* _DATA PROVIDED_
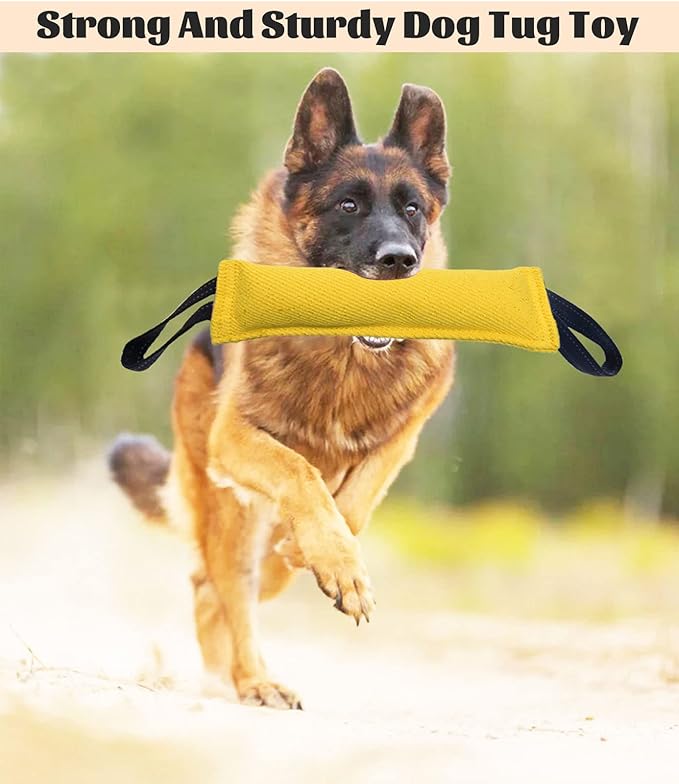 Clysrou Dog Tug Toy Tough Jute Bite Pillow Lasting Training Equipment Puppy to Large Dogs Interactive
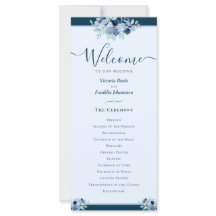 Dusty Blue Watercolor Floral Wedding Program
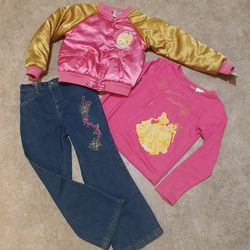 Disney Princess Outfit, 3 pieces, sz. 6, satin jacket, jeans, princess shirt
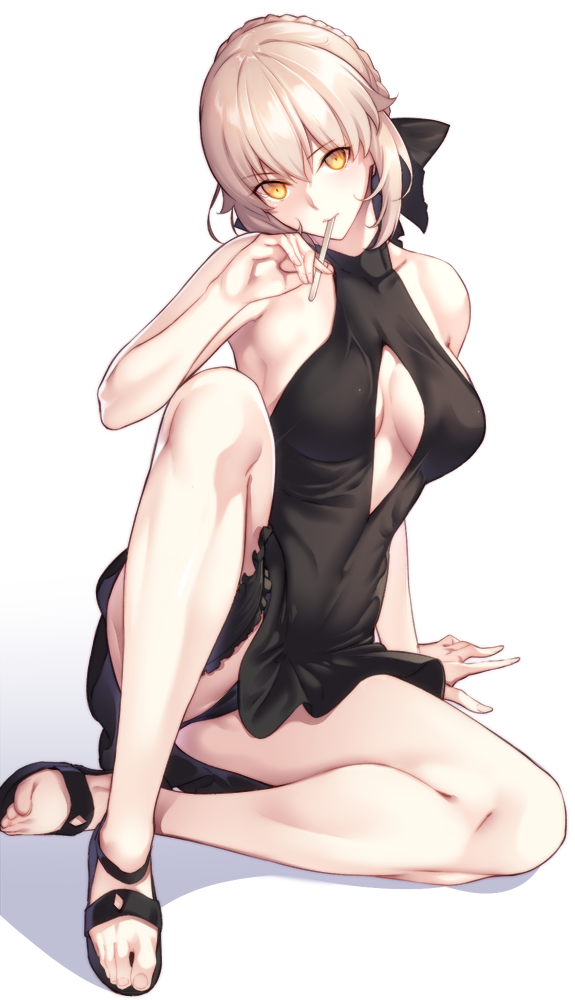 1girl 3: arm_support artoria_pendragon_(all) artoria_pendragon_(swimsuit_rider_alter)_(fate) bangs bare_legs bare_shoulders black_dress black_panties black_ribbon black_swimsuit bow braid breasts casual_one-piece_swimsuit cleavage_cutout collarbone commentary_request covered_navel dress expressionless eyebrows_visible_through_hair fate/grand_order fate/stay_night fate_(series) full_body hair_bow hair_ribbon halter_top halterneck head_tilt knee_up leg_garter legs light_brown_hair looking_at_viewer medium_breasts mouth_hold nanao_(mahaya) one-piece_swimsuit orange_eyes panties popsicle_stick ribbon saber_alter sandals shadow short_hair side_braid simple_background sitting solo swimsuit thighs underwear upskirt white_background yellow_eyes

* _REQUIRED ACTION_
Reproduce everything above exactly, images excluded.

* _TASK RESPONSE_
 Clysrou Dog Tug Toy Tough Jute Bite Pillow Lasting Training Equipment Puppy to Large Dogs Interactive
 Dusty Blue Watercolor Floral Wedding Program
 Disney Princess Outfit, 3 pieces, sz. 6, satin jacket, jeans, princess shirt
 1girl 3: arm_support artoria_pendragon_(all) artoria_pendragon_(swimsuit_rider_alter)_(fate) bangs bare_legs bare_shoulders black_dress black_panties black_ribbon black_swimsuit bow braid breasts casual_one-piece_swimsuit cleavage_cutout collarbone commentary_request covered_navel dress expressionless eyebrows_visible_through_hair fate/grand_order fate/stay_night fate_(series) full_body hair_bow hair_ribbon halter_top halterneck head_tilt knee_up leg_garter legs light_brown_hair looking_at_viewer medium_breasts mouth_hold nanao_(mahaya) one-piece_swimsuit orange_eyes panties popsicle_stick ribbon saber_alter sandals shadow short_hair side_braid simple_background sitting solo swimsuit thighs underwear upskirt white_background yellow_eyes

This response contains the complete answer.